Quiz Episode 1 Review
This three-part ITV drama about the Who Wants to be a Millionaire cheating scandal is fast-paced fun with an excellent cast…
This Quiz review contains spoilers
In the stage version of James Graham’s Quiz, theatre audiences were polled Who Wants to be a Millionaire?-style on whether or not they found its real-life characters guilty of trying to cheat the ITV quiz show out of £1 million. Acting as jurors, audiences were asked to vote twice at different points in the play. Guilty or not guilty?
One vote always returned a verdict of guilt, while the other returned the reverse. A kind of magic trick, Graham’s play demonstrated in real-time how popular opinion can be swayed first in one direction, and then in another. It was a bit of flash, some razzle dazzle for the crowd. But under the glitz were shrewd questions about justice, fame and trial-by-media. If our certainties can be so thoroughly unravelled by art, can we trust them, and by extension, can we trust the law?
The same trick is pulled off in fine style in this three-part TV adaptation, adapted by Graham and directed by Stephen Frears with just as much pace and vitality as his last real-life trial dramatisation A Very English Scandal. That title could equally apply here, such is the thoroughgoing Englishness of its characters and subjects – quizzing, and the deeply rooted notion of fair play.

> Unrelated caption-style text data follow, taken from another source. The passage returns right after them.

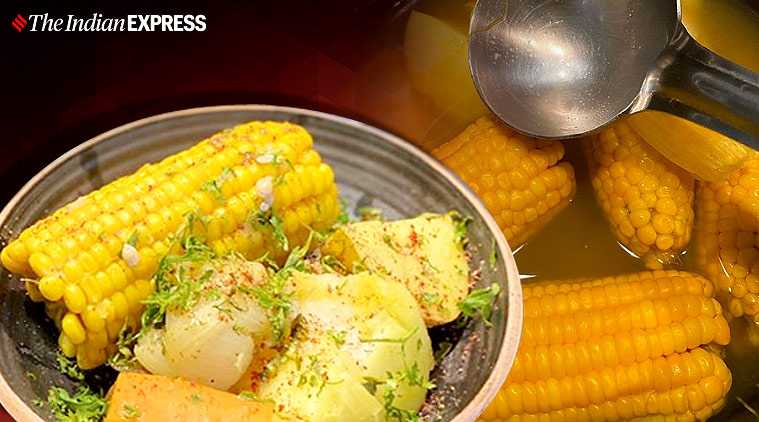 corn on the cob, corn recipes, healthy corn recipes, indianexpress.com, indianexpress, stay home, stay safe, what to cook at home, what to make at home during 21 day lockdown, quarantine, social distancing, netflix and chill, coronavirus, chef vicky ratnani, comfort food, evening hunger snack, hunger pangs, snacks,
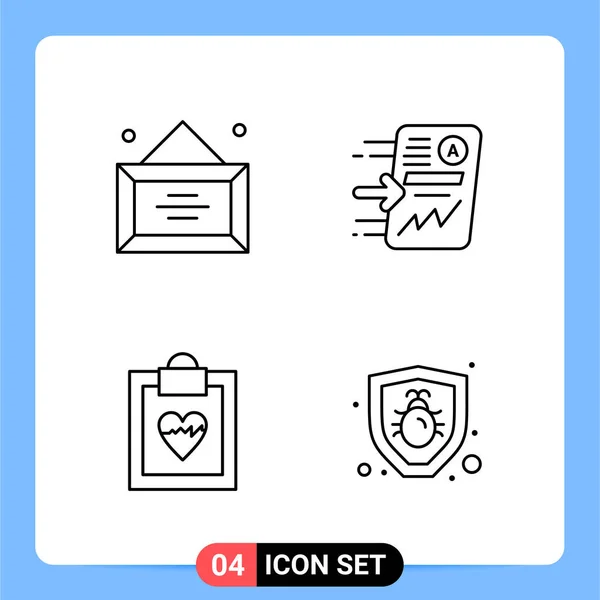 Conjunto Iconos Creativos Universales Simplemente Vector Ilustraciones Para Aplicaciones Web — Archivo Imágenes Vectoriales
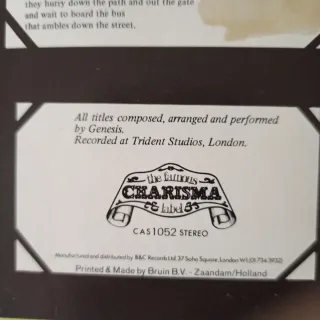 Vinilo Genesis - Nursery Cryme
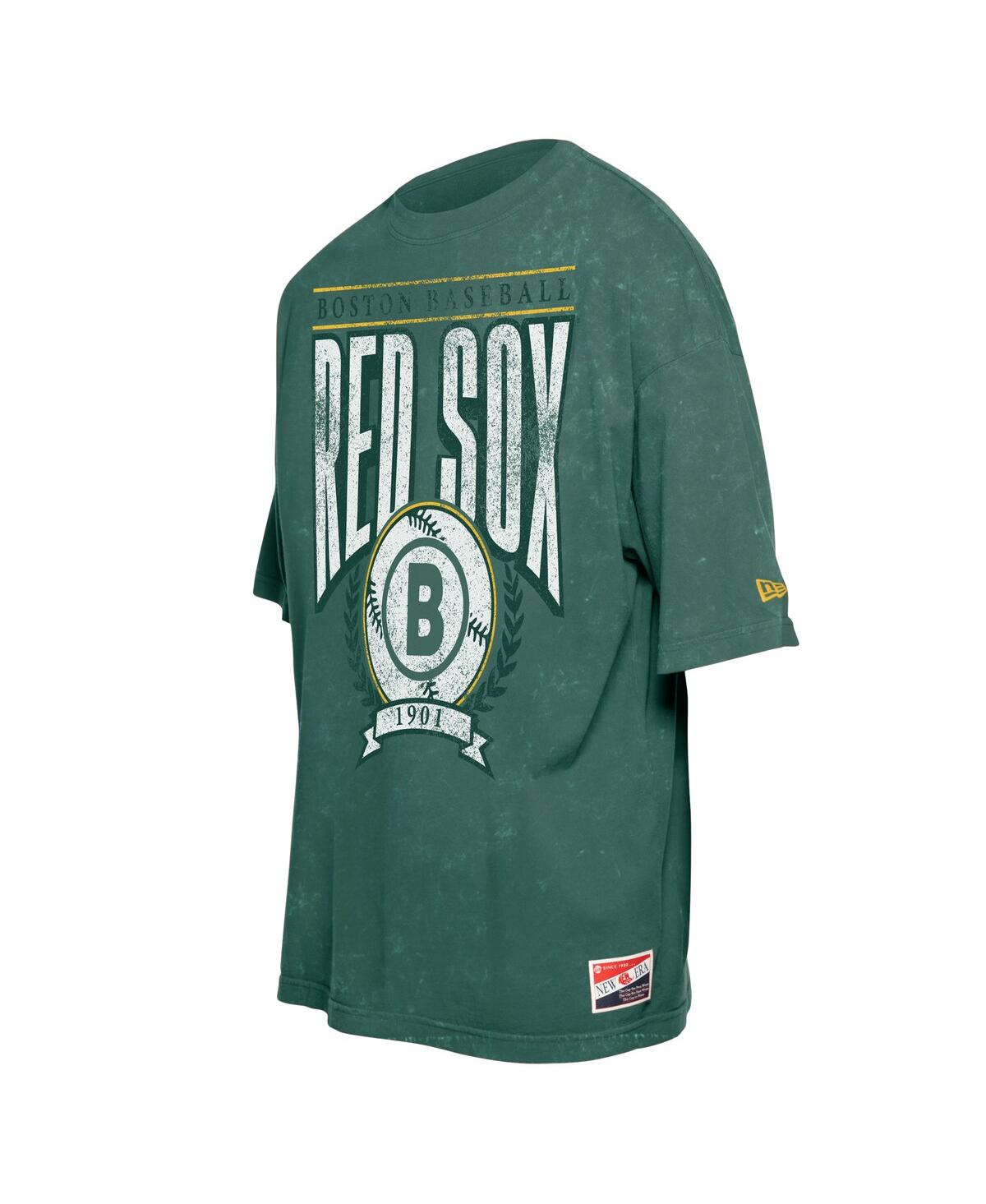 New Era Men's Green Boston Red Sox 2025 City Connect Enzyme Wash Oversized T-shirt In Green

In the trial scenes, what seems to animate the prosecution more than any specific legal transgression is the injury committed to good sportsmanship. Whatever the judicial truth of the matter, the sly suggestion here is that Major Charles and Diana Ingram were really put on trial for betrayal of the so-called English character. The case of Ingram v It’s Just Not Cricket.
Episode one gives a mildly satirical but mostly warm-hearted introduction to the Ingrams (Matthew Macfadyen and Sian Clifford). He’s clownish in a Major In-nice-but-dim way, and she’s a devoted member of a peculiarly British tribe – the quizzer. So is her brother Adrian (Trystan Gravelle), whose obsession with getting on Who Wants to be a Millionaire? gives episode one its absurdist heist structure.
Gentle fun is poked at quizzers, the kind of people for whom any knowledge is only worth having if it wins you a tie-breaker against Quizzee Rascal in the Monday night grudge match at the Horse and Groom. Adrian’s entry into an underground quizzing cabal is played for laughs. It’s a comically unflattering portrait of the subculture, but one nonetheless charmed by the idiosyncrasy of a peculiar obsession. And they’re not all comic caricatures. Clifford makes Diana a sympathetic weirdo (the awe with which she receives Adrian’s homemade ‘fastest finger first’ machine is beautifully done).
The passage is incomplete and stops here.